* [Data extracts]:

= = = = =

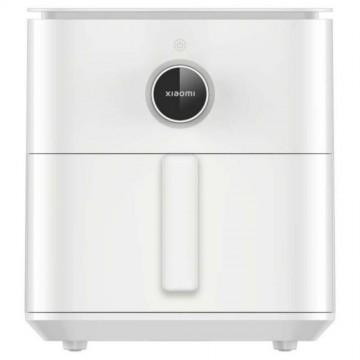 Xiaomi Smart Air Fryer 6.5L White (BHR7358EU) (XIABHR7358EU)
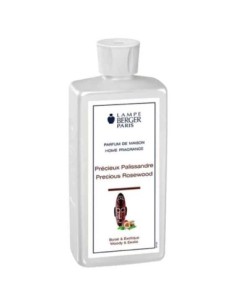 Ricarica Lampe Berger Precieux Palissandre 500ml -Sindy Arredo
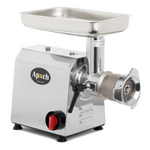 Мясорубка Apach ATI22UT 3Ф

= = = = =

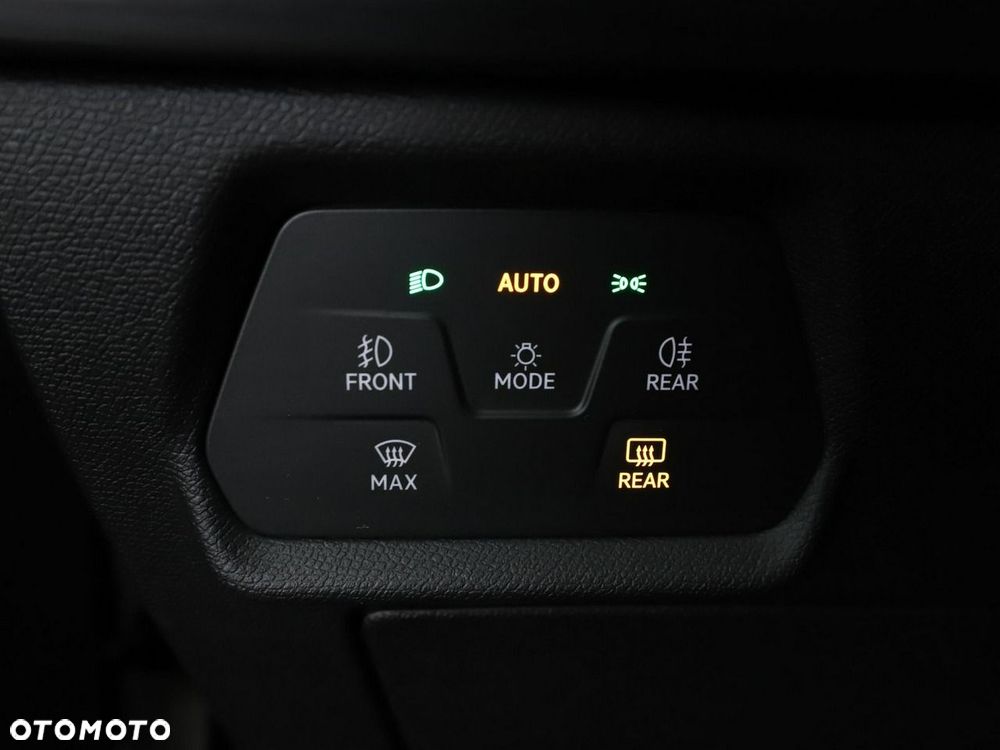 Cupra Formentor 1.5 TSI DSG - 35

= = = = =

* [Exercise goal]: Only the lines starting at the one with "Xiaomi Smart Air" and ending at the one with "Мясорубка Apach ATI22UT 3Ф" should be printed, each exactly as it appears in the material above; the pictures are to be omitted.

* [Answer]:
 Xiaomi Smart Air Fryer 6.5L White (BHR7358EU) (XIABHR7358EU)
 Ricarica Lampe Berger Precieux Palissandre 500ml -Sindy Arredo
 Мясорубка Apach ATI22UT 3Ф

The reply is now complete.